EXERCISE INSTRUCTIONS: Identify all lines of the data containing the string "Road" and copy them.

(DATASET EXCERPTS Opens)

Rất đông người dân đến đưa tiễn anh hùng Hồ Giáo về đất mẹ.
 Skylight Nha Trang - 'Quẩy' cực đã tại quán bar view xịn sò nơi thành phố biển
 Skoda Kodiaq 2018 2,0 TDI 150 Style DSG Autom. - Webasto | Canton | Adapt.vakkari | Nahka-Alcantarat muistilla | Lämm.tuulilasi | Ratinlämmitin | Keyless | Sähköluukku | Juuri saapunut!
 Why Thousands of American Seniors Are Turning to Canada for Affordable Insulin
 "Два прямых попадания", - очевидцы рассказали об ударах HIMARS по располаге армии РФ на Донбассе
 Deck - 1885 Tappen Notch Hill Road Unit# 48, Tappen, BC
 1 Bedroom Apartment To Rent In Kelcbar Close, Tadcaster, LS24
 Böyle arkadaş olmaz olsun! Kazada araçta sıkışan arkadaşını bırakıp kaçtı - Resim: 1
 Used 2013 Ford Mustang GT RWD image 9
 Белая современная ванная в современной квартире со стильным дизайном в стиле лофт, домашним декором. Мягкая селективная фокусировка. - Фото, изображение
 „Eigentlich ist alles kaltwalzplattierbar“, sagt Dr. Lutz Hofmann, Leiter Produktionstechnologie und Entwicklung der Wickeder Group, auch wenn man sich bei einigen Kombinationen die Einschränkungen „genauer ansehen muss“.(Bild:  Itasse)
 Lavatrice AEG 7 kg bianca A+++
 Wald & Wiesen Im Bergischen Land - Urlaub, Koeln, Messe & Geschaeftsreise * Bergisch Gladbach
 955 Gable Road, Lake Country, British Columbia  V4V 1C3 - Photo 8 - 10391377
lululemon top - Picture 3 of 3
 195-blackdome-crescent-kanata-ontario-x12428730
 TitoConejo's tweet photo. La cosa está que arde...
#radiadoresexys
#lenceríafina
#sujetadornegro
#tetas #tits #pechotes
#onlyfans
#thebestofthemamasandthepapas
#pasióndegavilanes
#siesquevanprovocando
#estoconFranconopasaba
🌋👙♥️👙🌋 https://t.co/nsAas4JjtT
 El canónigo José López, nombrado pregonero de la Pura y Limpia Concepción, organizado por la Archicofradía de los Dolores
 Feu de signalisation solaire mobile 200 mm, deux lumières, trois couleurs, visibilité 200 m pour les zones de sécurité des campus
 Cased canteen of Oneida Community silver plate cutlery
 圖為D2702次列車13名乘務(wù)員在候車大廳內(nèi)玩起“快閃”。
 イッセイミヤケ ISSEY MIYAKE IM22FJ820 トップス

(DATASET EXCERPTS Closes)

WRITTEN RESPONSE:
 Deck - 1885 Tappen Notch Hill Road Unit# 48, Tappen, BC
 955 Gable Road, Lake Country, British Columbia  V4V 1C3 - Photo 8 - 10391377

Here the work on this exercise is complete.